Overview
The child care market in the U.S. is broken. Despite rising prices for care, child care workers continue to make close to minimum wage, and most child care settings struggle to provide the quality features—like small group sizes and enriching curriculum—that support children’s learning and development.
When the price of care for an infant and a preschool typically exceeds 20% of median family income and one in three parents across the country is having serious problems finding child care, we are in deep crisis.

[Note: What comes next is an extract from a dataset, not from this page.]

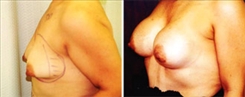 Breast Augmentation Patient Before & After Photo 1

States have primarily tried to solve for child care affordability through subsidies for individual children and families. The subsidy system we rely on now was developed in the 1990s on the premise that the market was providing adequate options, and low-income parents just needed a subsidy that would let them purchase in the market what middle- and higher-income families were buying on their own. The Market Rate Survey was required to help states understand how much of the child care market they were allowing subsidy recipients to access. States were encouraged (but not required) to set subsidy reimbursement rates at the 75th percentile of private-pay prices to ensure low-income families were able to access most of the child care market.

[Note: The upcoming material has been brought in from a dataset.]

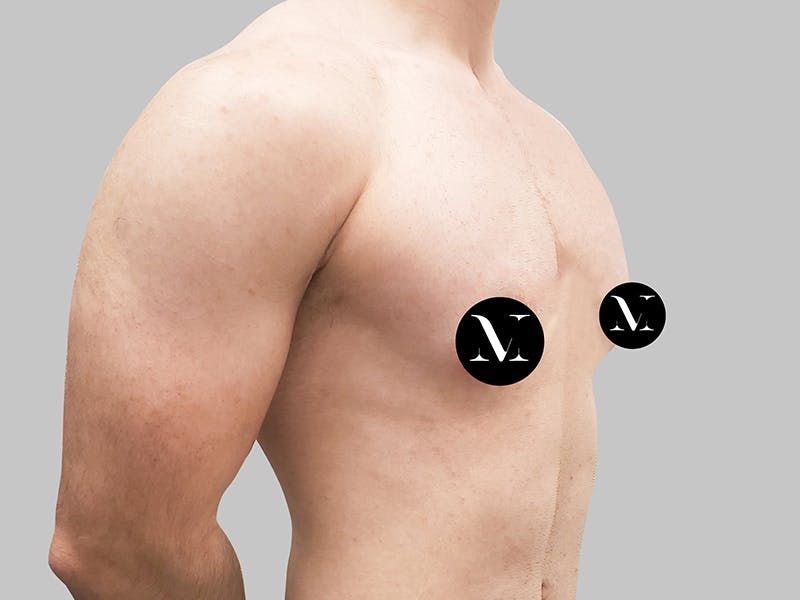 Top Surgery Before & After Gallery - Patient 188312693 - Image 5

Recently, the field has become wary of ensuring subsidies match the “market rate.” Critics rightly point to the fact that the price that parents pay for child care—while too often unaffordable—still falls far short of the “true cost” of care. Cost studies reveal that a child care program operating according to best practices, with appropriate teacher-to-child ratios and paying competitive wages, costs far more to operate than most parents are currently paying. Further, focusing solely on market rates may lead to important inequities in rates over time, as prices rise more slowly in economically depressed regions than they do in higher-income parts of the state. For these reasons, many advocates have called for states to begin setting reimbursement rates based on cost modeling, and some have even called for doing away with Market Rate Surveys altogether.